BEGIN

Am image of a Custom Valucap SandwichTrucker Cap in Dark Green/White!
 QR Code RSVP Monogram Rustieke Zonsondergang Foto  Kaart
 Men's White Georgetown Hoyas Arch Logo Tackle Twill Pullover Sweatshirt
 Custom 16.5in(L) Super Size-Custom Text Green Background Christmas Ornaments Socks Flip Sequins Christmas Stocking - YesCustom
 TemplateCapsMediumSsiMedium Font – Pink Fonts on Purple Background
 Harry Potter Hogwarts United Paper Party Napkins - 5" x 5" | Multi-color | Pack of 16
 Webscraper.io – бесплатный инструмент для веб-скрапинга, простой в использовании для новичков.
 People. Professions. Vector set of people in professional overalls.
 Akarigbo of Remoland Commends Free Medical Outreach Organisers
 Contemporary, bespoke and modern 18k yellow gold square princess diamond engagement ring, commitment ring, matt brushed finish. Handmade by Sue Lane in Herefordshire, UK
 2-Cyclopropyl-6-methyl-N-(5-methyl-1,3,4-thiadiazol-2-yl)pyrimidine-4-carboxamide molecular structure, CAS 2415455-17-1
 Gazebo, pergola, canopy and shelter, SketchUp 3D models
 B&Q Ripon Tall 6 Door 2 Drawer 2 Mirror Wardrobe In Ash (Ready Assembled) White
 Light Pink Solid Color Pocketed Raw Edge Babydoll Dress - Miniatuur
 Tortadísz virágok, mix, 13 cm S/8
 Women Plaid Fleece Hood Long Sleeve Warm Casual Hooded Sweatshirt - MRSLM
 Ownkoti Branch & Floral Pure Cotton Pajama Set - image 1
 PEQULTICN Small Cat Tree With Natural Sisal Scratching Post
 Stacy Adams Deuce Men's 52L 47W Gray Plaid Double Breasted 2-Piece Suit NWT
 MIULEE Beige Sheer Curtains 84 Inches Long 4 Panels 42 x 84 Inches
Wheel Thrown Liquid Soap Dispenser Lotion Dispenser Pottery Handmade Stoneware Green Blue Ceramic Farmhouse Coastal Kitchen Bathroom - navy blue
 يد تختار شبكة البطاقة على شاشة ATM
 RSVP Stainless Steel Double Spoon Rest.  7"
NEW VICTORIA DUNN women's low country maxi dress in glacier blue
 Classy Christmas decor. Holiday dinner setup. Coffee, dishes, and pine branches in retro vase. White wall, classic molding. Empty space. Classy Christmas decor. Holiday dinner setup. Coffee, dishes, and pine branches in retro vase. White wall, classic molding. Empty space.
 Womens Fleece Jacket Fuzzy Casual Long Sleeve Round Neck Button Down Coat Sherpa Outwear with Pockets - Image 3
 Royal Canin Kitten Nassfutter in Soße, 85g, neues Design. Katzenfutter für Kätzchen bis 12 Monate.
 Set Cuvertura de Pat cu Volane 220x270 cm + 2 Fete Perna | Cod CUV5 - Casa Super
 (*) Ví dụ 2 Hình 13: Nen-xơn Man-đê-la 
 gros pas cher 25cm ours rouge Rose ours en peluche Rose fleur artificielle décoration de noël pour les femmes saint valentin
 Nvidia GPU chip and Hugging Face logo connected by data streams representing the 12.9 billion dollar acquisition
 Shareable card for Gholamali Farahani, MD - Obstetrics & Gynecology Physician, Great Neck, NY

END

### The problem
Look through the records and gather each line with the word "Super".

### Solution to this task
 Custom 16.5in(L) Super Size-Custom Text Green Background Christmas Ornaments Socks Flip Sequins Christmas Stocking - YesCustom
 Set Cuvertura de Pat cu Volane 220x270 cm + 2 Fete Perna | Cod CUV5 - Casa Super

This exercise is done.